Only one stretch of the data below is needed: the line with "Rodriguez Masonry and Concrete" through the last line. Output it exactly and drop the pictures.

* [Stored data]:
....

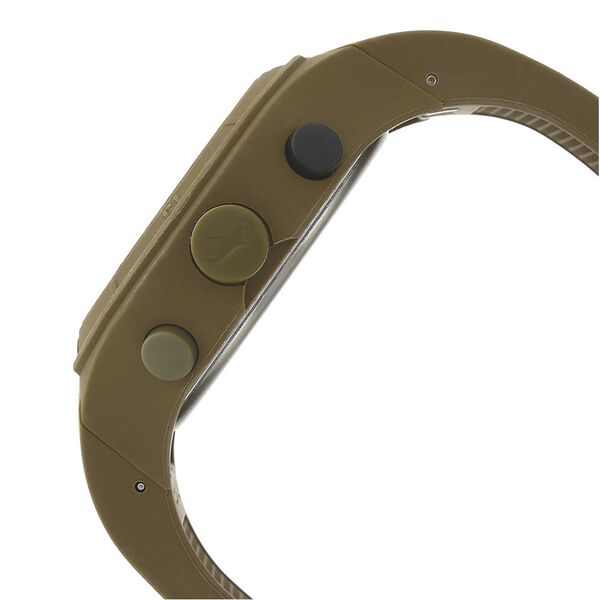 Fastrack Quartz Analog Digital Black Dial Plastic Strap Watch for Guys - image number 2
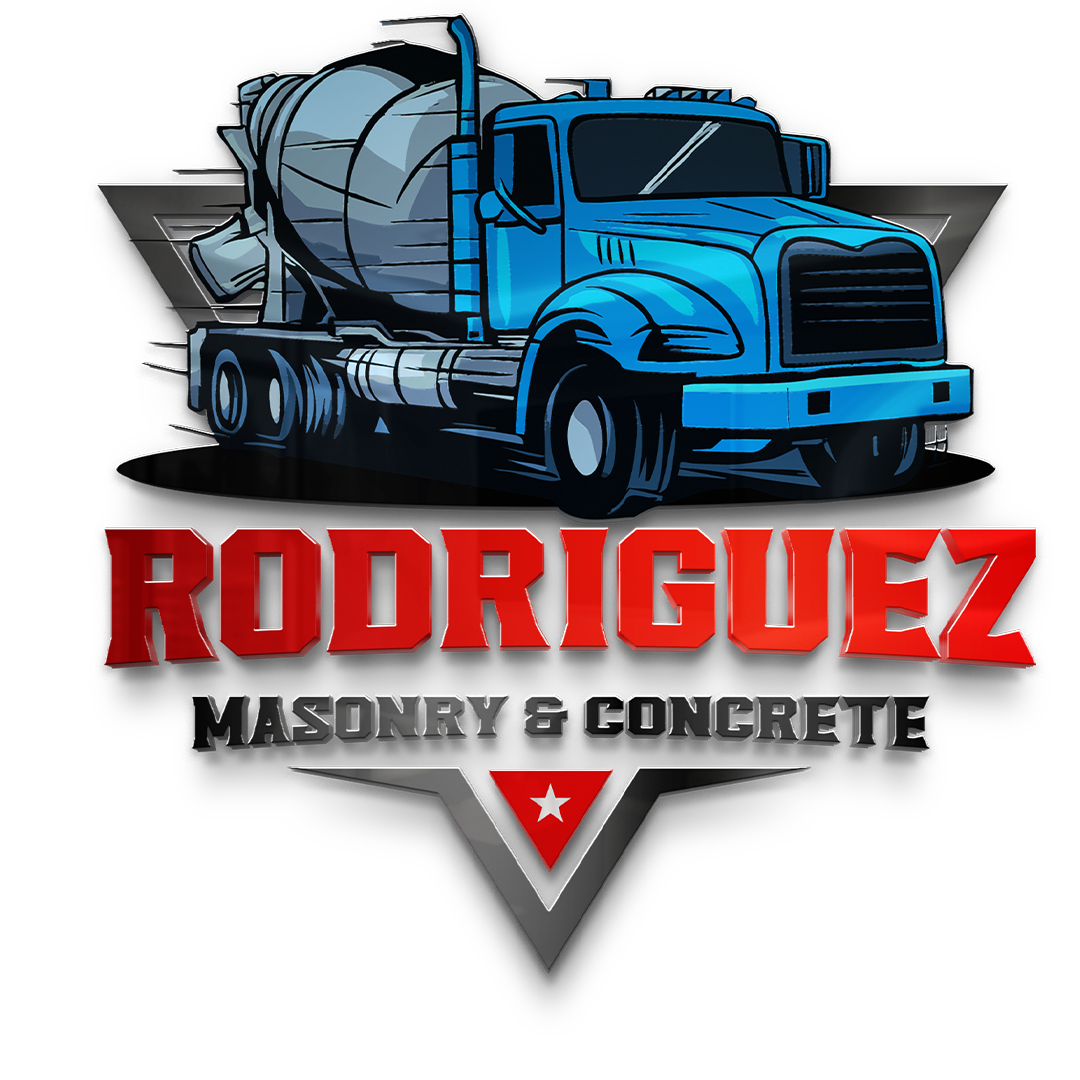 Rodriguez Masonry and Concrete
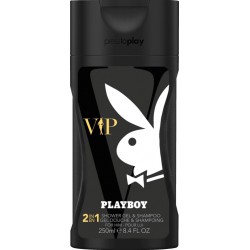 Playboy VIP 2w1 szampon &...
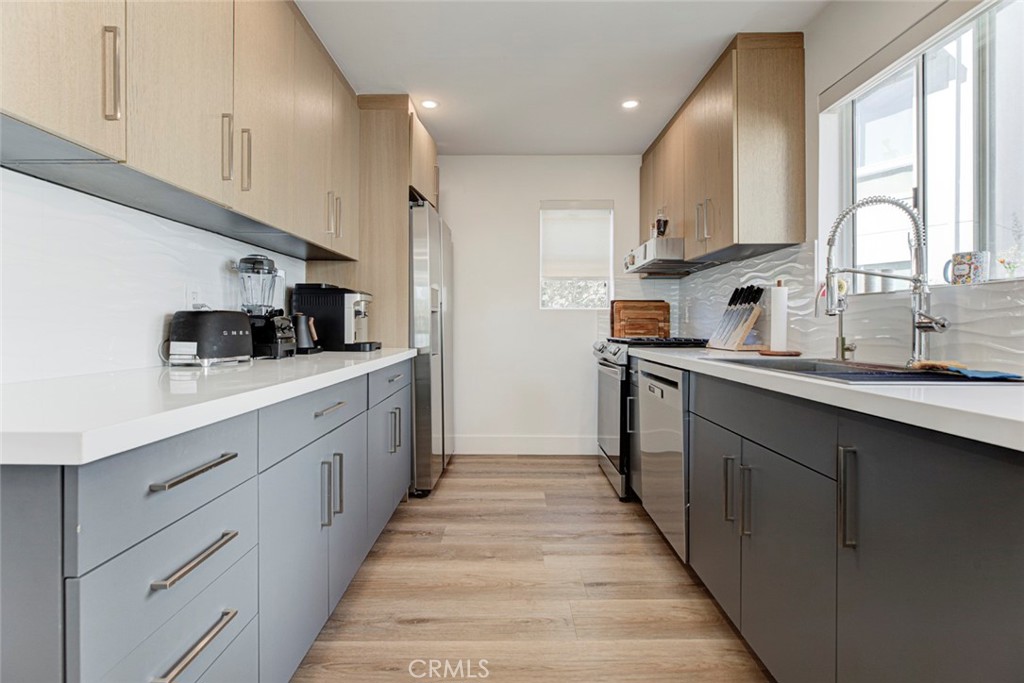 1080 Everett, Echo Park, CA 90026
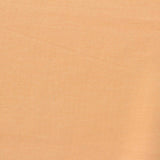 Polyester Viscose Stretch Scuba Knit Fabric, 230 gsm, 152 cm — Orange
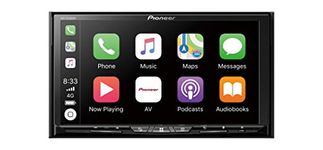 Pioneer AVH-Z9200DAB Car Vision Multimedia Receiver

....

* [Reply to the exercise]:
 Rodriguez Masonry and Concrete
 Playboy VIP 2w1 szampon &...
 1080 Everett, Echo Park, CA 90026
 Polyester Viscose Stretch Scuba Knit Fabric, 230 gsm, 152 cm — Orange
 Pioneer AVH-Z9200DAB Car Vision Multimedia Receiver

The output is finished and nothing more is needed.